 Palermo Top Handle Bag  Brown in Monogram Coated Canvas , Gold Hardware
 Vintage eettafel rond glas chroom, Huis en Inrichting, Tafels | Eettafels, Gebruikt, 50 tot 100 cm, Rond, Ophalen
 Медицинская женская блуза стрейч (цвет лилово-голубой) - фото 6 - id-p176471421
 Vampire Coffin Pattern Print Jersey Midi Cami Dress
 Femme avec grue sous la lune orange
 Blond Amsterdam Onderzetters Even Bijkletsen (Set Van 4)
....
■ ASSIGNMENT ■
Would you please copy the lines above, from the one holding "Vintage eettafel rond" through the last, and nothing else?

■ TASK RESULT ■
 Vintage eettafel rond glas chroom, Huis en Inrichting, Tafels | Eettafels, Gebruikt, 50 tot 100 cm, Rond, Ophalen
 Медицинская женская блуза стрейч (цвет лилово-голубой) - фото 6 - id-p176471421
 Vampire Coffin Pattern Print Jersey Midi Cami Dress
 Femme avec grue sous la lune orange
 Blond Amsterdam Onderzetters Even Bijkletsen (Set Van 4)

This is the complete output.